Gulf Keystone can "satisfy all its obligations to both its contractors and creditors" after authorities in Kurdistan, where the company operates, committed to making monthly payments for crude exports from September, Chief Financial Officer Sami Zouari said in an e-mail. An EnQuest spokesman declined to com- ment. Slumping crude prices are diminishing the value of oil reserves and reducing borrowing power, even as pressure builds to find replacement fields.
Some earnings metrics are already breaching the lows of the 2008 financial crisis. The profit margin for the 108member MSCI World Energy Sector Index, which includes Exxon Mobil Corp. and Chevron Corp., is the lowest since at least 1995, the earliest for when data is available.
"There are several credits which simply won't be able to refinance and extend maturities and they may need to raise additional equity," said Eirik Rohmesmo, a credit analyst at Clarksons Platou Securities AS in Oslo. "The question is: would they be able to do that with debt at these levels?"
Some U.S. producers gained breathing space by leveraging their low-cost assets to raise funds earlier this year and repay debt, Goldman Sachs Group Inc. wrote in a Aug. 6 report. This helped companies shore up their capital and reduce debt-servicing costs. That may no longer be an option because energy companies have been the worst performers in the past year among 10 industry groups in the MSCI World Index.

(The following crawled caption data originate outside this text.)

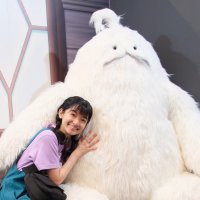 吉田仁美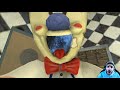 C9dBIe3YSsA/default.jpg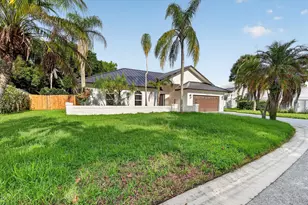 3230 Alexander Ct, Palm City, FL 34990 - Photo 2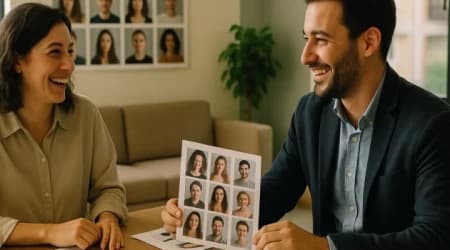 Gümüşhane Çocuk Oyuncu Ajansı Başvurusu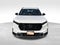 2027 Honda CR-V Hybrid Sport Touring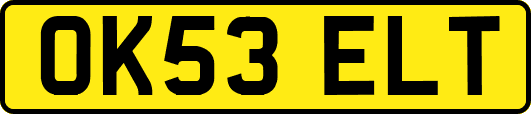 OK53ELT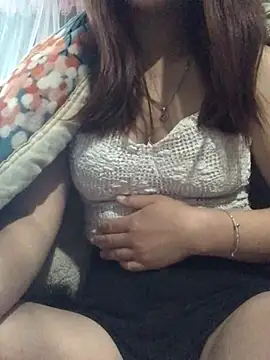 Snapshot of Nth5h chatting on March 2, 2026, 12:57 am Nth5h online show from March 2, 2026, 12:57 am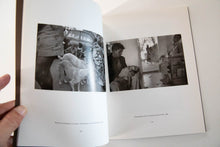 Load image into Gallery viewer, PHOTOGRAPHS OF MOTHER TERESA&#39;S MISSIONS OF CHARITY IN CALCUTTA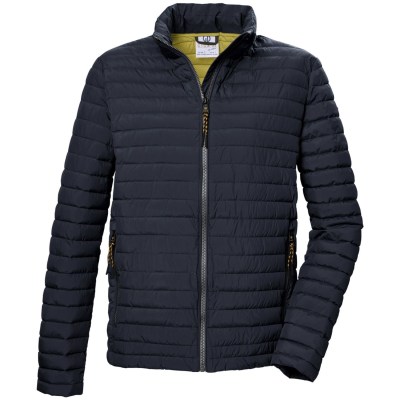 G.I.G.A. DX by killtec GS 85 Unisex Funktionsjacke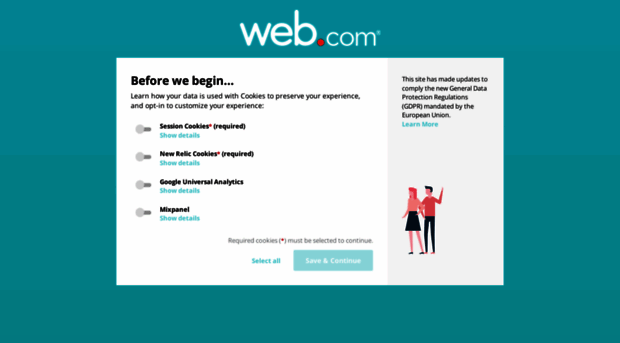 web.webdamdb.com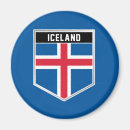 Search for iceland magnets Souvenir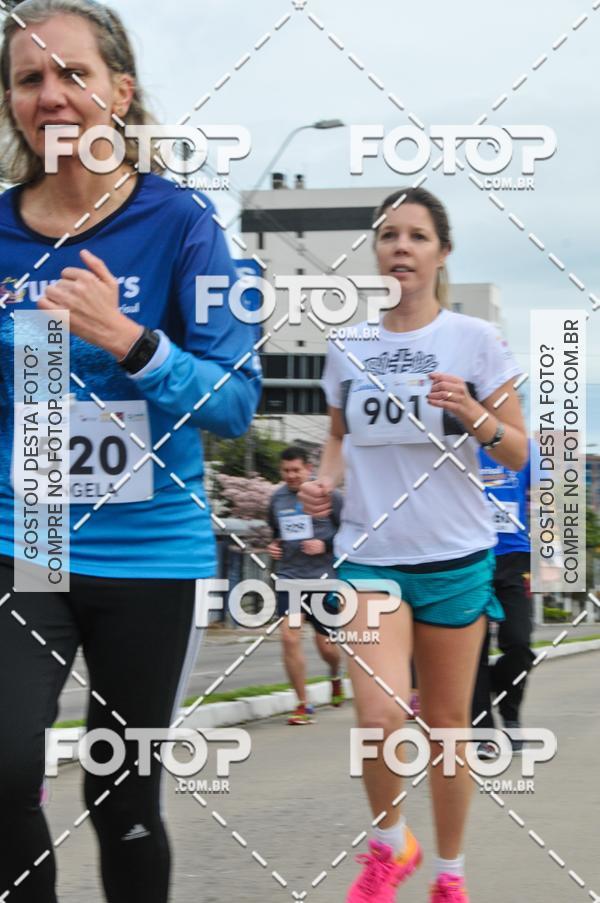 Buy your photos of the eventCorrida da Sogipa    2017 on Fotop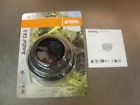 4006-710-2126 Stihl Incorporation Autocut Easy Load Trimmer Head 886661166466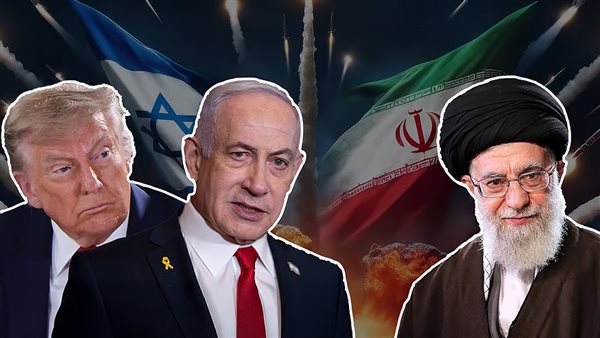 صيدا اون لاين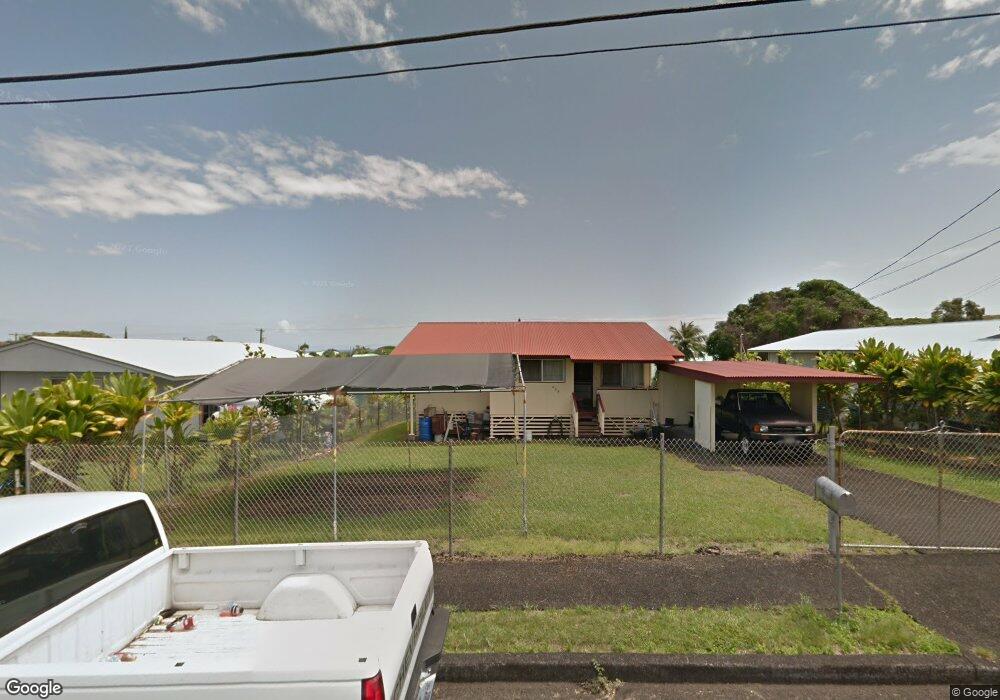 405 Hoopuni St, Hilo, HI 96720 - photo 1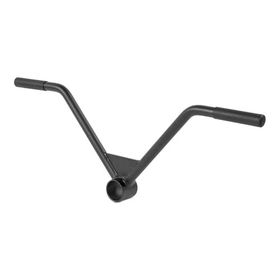 USR LMH227 Landmine Çiftli Tutamaç T-Bar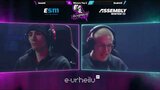 Assembly Winter 2023 - Tekken 7 Finnish championship by AssemblyTV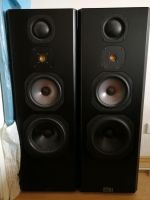 Focal Onyx Lautsprecher Boxen Stuttgart - Bad Cannstatt Vorschau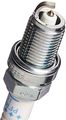 Ngk 2300 Spark Plug 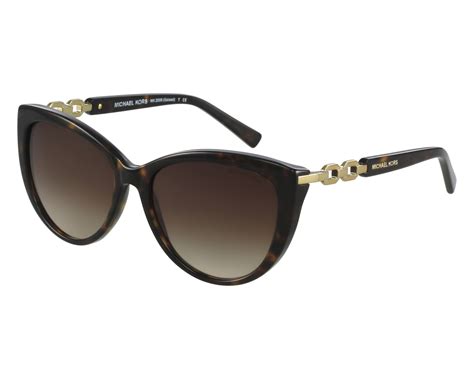 Lunettes De Soleil Michael Kors Mk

Credit-rating downgrades are putting additional strain on the ability of oil companies to raise money cheaply. Standard & Poor's cut the rating of Eni SpA, Italy's biggest oil company, in April, while Moody's Investors Service downgraded Tullow Oil Plc's debt in March. Spokesmen for Eni and Tullow declined to comment.
The biggest companies, with global portfolios that span oil fields to refineries, will probably emerge largely intact from the slump, Norton Rose's Wood said. Smaller players, dependent on fewer assets, could have problems, she said.
"Clearly, those companies with debt to pay will have one eye firmly on oil prices," said Christopher Haines, a senior oil and gas analyst at BMI in London. "With revenues collapsing and debt soon to mature, a growing number of companies may find themselves unable to meet repayment schedules."